▶ _Your task_: Every record that appears below should be transcribed exactly.

[Data items]
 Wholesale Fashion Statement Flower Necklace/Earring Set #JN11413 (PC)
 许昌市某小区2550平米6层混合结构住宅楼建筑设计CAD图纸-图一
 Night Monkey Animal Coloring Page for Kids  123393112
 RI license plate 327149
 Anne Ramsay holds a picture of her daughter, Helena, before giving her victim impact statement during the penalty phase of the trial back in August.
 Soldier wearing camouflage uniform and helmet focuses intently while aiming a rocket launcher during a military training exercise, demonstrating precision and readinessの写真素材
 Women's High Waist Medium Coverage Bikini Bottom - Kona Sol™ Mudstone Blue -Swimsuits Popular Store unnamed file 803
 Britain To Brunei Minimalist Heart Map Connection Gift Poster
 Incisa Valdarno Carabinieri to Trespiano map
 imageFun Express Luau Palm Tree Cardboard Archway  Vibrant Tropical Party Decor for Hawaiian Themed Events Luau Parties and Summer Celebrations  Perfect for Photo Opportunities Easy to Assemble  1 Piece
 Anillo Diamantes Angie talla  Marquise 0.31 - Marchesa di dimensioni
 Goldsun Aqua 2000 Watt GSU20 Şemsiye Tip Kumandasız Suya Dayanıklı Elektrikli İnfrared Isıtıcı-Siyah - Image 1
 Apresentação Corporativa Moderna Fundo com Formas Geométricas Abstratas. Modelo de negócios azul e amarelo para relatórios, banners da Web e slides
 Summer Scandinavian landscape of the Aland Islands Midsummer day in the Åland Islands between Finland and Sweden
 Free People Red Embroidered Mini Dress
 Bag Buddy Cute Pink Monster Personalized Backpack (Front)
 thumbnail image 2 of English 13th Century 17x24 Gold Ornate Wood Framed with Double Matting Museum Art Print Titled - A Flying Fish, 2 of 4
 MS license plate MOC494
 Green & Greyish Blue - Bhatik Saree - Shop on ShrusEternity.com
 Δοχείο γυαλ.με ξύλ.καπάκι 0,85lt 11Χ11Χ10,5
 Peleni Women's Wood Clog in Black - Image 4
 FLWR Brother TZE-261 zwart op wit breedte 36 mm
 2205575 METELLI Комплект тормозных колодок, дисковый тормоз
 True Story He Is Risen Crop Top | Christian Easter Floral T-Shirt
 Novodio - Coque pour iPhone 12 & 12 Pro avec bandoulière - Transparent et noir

▶ _Result for this exercise_:
 Wholesale Fashion Statement Flower Necklace/Earring Set #JN11413 (PC)
 许昌市某小区2550平米6层混合结构住宅楼建筑设计CAD图纸-图一
 Night Monkey Animal Coloring Page for Kids  123393112
 RI license plate 327149
 Anne Ramsay holds a picture of her daughter, Helena, before giving her victim impact statement during the penalty phase of the trial back in August.
 Soldier wearing camouflage uniform and helmet focuses intently while aiming a rocket launcher during a military training exercise, demonstrating precision and readinessの写真素材
 Women's High Waist Medium Coverage Bikini Bottom - Kona Sol™ Mudstone Blue -Swimsuits Popular Store unnamed file 803
 Britain To Brunei Minimalist Heart Map Connection Gift Poster
 Incisa Valdarno Carabinieri to Trespiano map
 imageFun Express Luau Palm Tree Cardboard Archway  Vibrant Tropical Party Decor for Hawaiian Themed Events Luau Parties and Summer Celebrations  Perfect for Photo Opportunities Easy to Assemble  1 Piece
 Anillo Diamantes Angie talla  Marquise 0.31 - Marchesa di dimensioni
 Goldsun Aqua 2000 Watt GSU20 Şemsiye Tip Kumandasız Suya Dayanıklı Elektrikli İnfrared Isıtıcı-Siyah - Image 1
 Apresentação Corporativa Moderna Fundo com Formas Geométricas Abstratas. Modelo de negócios azul e amarelo para relatórios, banners da Web e slides
 Summer Scandinavian landscape of the Aland Islands Midsummer day in the Åland Islands between Finland and Sweden
 Free People Red Embroidered Mini Dress
 Bag Buddy Cute Pink Monster Personalized Backpack (Front)
 thumbnail image 2 of English 13th Century 17x24 Gold Ornate Wood Framed with Double Matting Museum Art Print Titled - A Flying Fish, 2 of 4
 MS license plate MOC494
 Green & Greyish Blue - Bhatik Saree - Shop on ShrusEternity.com
 Δοχείο γυαλ.με ξύλ.καπάκι 0,85lt 11Χ11Χ10,5
 Peleni Women's Wood Clog in Black - Image 4
 FLWR Brother TZE-261 zwart op wit breedte 36 mm
 2205575 METELLI Комплект тормозных колодок, дисковый тормоз
 True Story He Is Risen Crop Top | Christian Easter Floral T-Shirt
 Novodio - Coque pour iPhone 12 & 12 Pro avec bandoulière - Transparent et noir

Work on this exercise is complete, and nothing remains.